## Records supplied
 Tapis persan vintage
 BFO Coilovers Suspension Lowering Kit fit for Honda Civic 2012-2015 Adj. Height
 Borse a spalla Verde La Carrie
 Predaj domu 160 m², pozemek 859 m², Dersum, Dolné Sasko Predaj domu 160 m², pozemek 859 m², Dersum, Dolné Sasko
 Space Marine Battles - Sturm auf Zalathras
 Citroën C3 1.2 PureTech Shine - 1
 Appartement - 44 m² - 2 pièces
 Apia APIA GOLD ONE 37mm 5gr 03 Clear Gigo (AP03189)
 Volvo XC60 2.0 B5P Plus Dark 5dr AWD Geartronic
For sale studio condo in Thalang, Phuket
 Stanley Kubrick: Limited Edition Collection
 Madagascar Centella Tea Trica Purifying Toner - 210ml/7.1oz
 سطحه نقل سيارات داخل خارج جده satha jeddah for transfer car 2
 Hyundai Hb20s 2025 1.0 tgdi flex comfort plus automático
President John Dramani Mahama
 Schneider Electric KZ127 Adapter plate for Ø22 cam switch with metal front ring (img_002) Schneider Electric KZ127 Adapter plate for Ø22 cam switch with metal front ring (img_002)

## Requirement
Reproduce verbatim the stretch of lines beginning with the one containing "Citroën C3 1.2 PureTech Shine - 1" and ending at the close of the entries above.

## Answer to the exercise
 Citroën C3 1.2 PureTech Shine - 1
 Appartement - 44 m² - 2 pièces
 Apia APIA GOLD ONE 37mm 5gr 03 Clear Gigo (AP03189)
 Volvo XC60 2.0 B5P Plus Dark 5dr AWD Geartronic
For sale studio condo in Thalang, Phuket
 Stanley Kubrick: Limited Edition Collection
 Madagascar Centella Tea Trica Purifying Toner - 210ml/7.1oz
 سطحه نقل سيارات داخل خارج جده satha jeddah for transfer car 2
 Hyundai Hb20s 2025 1.0 tgdi flex comfort plus automático
President John Dramani Mahama
 Schneider Electric KZ127 Adapter plate for Ø22 cam switch with metal front ring (img_002) Schneider Electric KZ127 Adapter plate for Ø22 cam switch with metal front ring (img_002)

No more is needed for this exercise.